I watched about 30 minutes of this show before I couldn’t get past the whole part about the kittens and I had to jump on Google and understand what in the world I was watching. I didn’t know where the show was going and from the very misleading title, I thought it would be a show about how much the internet loved its cat videos.  Not about how a guy used the internet to show how he killed and tortured animals and then turned his cruelty into showcasing a murder for the world to see…on the internet.

The guy featured in this story, Luka Magnotta, is a pretty twisted individual. But, here’s where it gets back to why I was writing this.

What Luka did was use social media to change who he was.  Editing photos, pretending to be someone else, living in someone else’s life to portray an image of himself he wanted people to believe.  However wonk in the head this guy is (though he claims to have no mental illness), I can assure you, he’s not been wired properly.  While his story is fascinating (in a brain study kind of way), it reminds me as a parent that our children are our greatest responsibility to protect.  To shepherd them from the dangers of social media and to teach them that the seedy underbelly of the internet has a reach that is far and wide as much as it is dark and deceptive.

Listen, here’s the truth.

One day, robots are going to be doing so much more than we ever anticipated.

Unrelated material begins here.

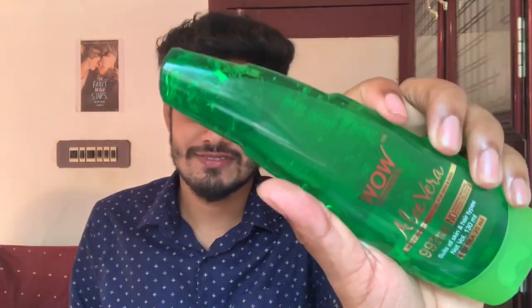The aloe vera gel is better than Wow Skin Science — it's better than Good Vibes. I just want to compare these products. This is how much you get — it's an aloe vera shape. The price is $2.99, and this is a 150ml product. It has a very greasy feel.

Cars come with self driving abilities now.

Shuttles can be completely man-free.

Uber is so close to air ridesharing.

Nasa is going to Mars.

Technology is the way of the future.  Even out in our country life where my husband I like to live life a little slower, we recognize that the world around is shaped by chips and circuit boards and is programmed so that robots can do the mundane tasks for us.  First it was the vacuum cleaner, now it’s the lawnmower. 

Sloane Ryan wrote a great article about the things she learned when she posed as an 11 year old girl online.

It’s frightening.

But, where I disagree with most of the parents who share this article is that we aren’t going to shield our children from technology.  Our children will have phones.  They will have Facebook accounts (when they are much, much, much older).  They will have access to technology to include computers and gaming devices.  And with each area where we start to see gray introduced, we stop the conversation, we turn to the Bible, we pray over our kids and we try to protect them.  We teach them God’s way.  We teach them the importance of the word “No” and we teach them to respect that word when others say it.  We teach our children to respect technology and to use it to build a world that God would be pleased with.  We use it as a platform to show His love for His children, never to hurt them.

It’s a scary world out there.

Many of you will disagree.  Many of you will silently agree and be afraid to share this because of the judgment you will face when you say something that isn’t in line with the others you do life with.  And that’s okay.  My point isn’t to try and guilt you into that.  My point is to show you the importance of tech, the dangers of it, and how important it is to protect yourself from the enemy around the corner.  We can’t shelter our children forever.  We must prepare them.  The world beyond our home and our church is filled with dark shadows in every corner.  Prepare them now.  And teach them what is right.

I love you all – and I’m forever praying for the protection and guidance of our next generation!